Wednesday, May 18, 2005

Yesterday, I gave a long preface to this post, a definition of medium theory from Joshua Meyrowitz's "Taking McLuhan and 'Medium Theory' Seriously: Technological Change and the Evolution of Education" (Technology and the Future of Schooling: Ninety-fifth Yearbook of the National Society for the Study of Education. Part II. Ed. Stephen T. Kerr. Chicago: U of Chicago P, 1996. 73-110).

Meyrowitz writes:

"I prefer using the term 'medium theory' to describe it, so that the essence of the argument and the contributions of other theorists become more visible. I use the singular, 'medium theory,' rather than 'media theory,' to describe this philosophical tradition because what makes it different from most other media theories is its focus on the characteristics of each individual medium or of each particular type of media. Medium theorists are interested in differentiating among media. Broadly speaking, media theorists ask: what are the relatively fixed features of each means of communicating and how do these features make the medium physically, psychologically, and socially different from other media and face-to-face interaction?" (79).

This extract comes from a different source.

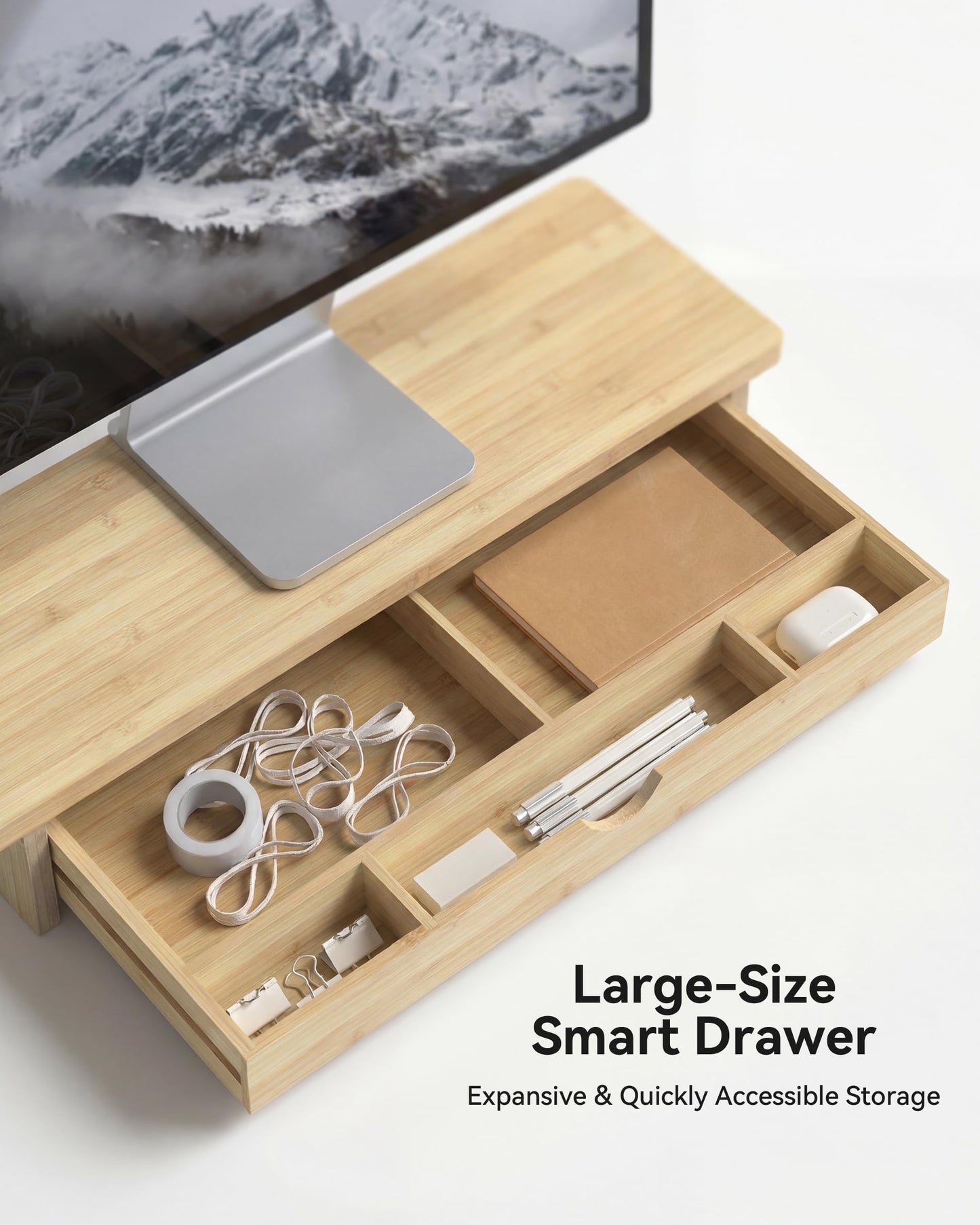 WELL WENG Bamboo Monitor Stand with Large Storage Drawer,23 Inch Ergonomic Computer Riser for Desk, Holds Up to 220lbs, Screen Shelf with 5 Compartments for Keyboard & Stationery Organization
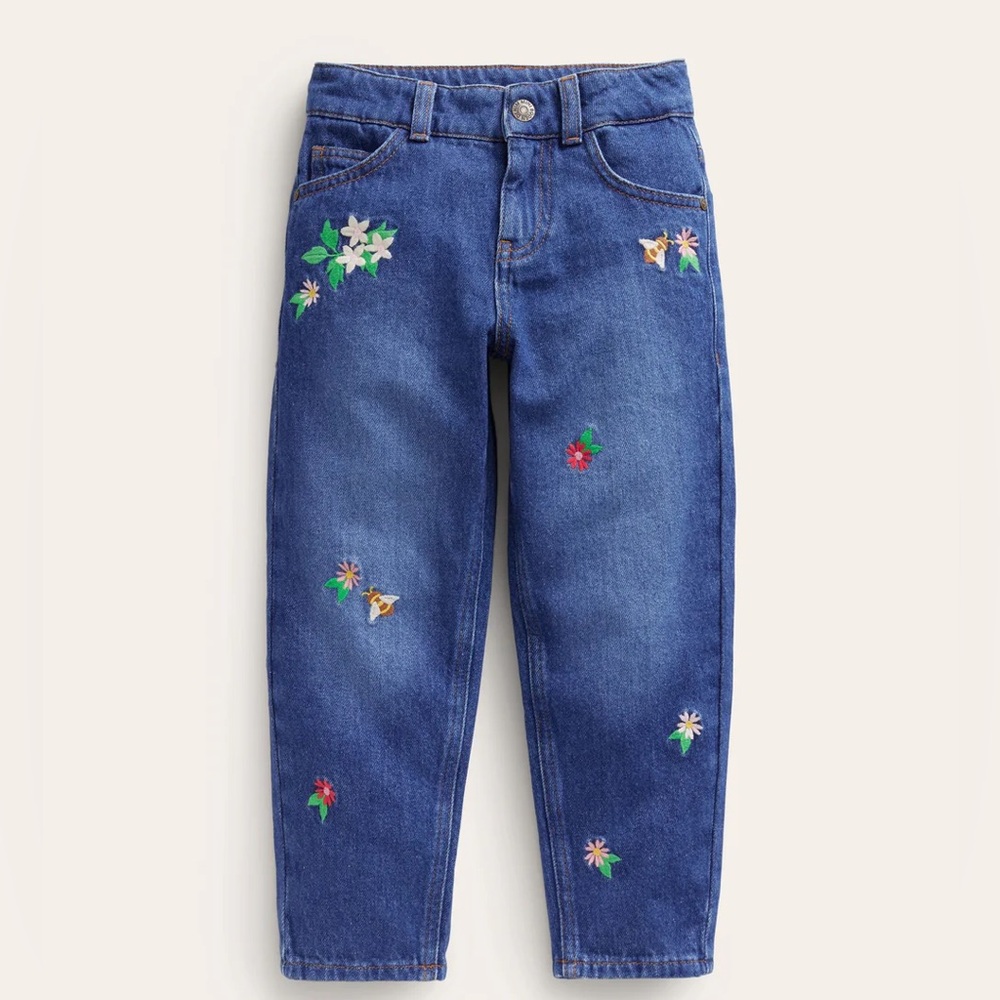 Mini Boden NWT Relaxed Straight Mid Denim Blue Jeans Floral Embroidery 4Y - Picture 6 of 7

Most of the time I'm doing media studies or media ecology or even orality/literacy studies, that's exactly what I'm interested in doing. It is what I'm trying to figure out in my October 16, 2004 and October 19, 2004 posts, and it's why Professional Lurker was interested in those posts, which were first emails to TechRhet.

More of Merowitz's description of medium theory at Machina Memorialis.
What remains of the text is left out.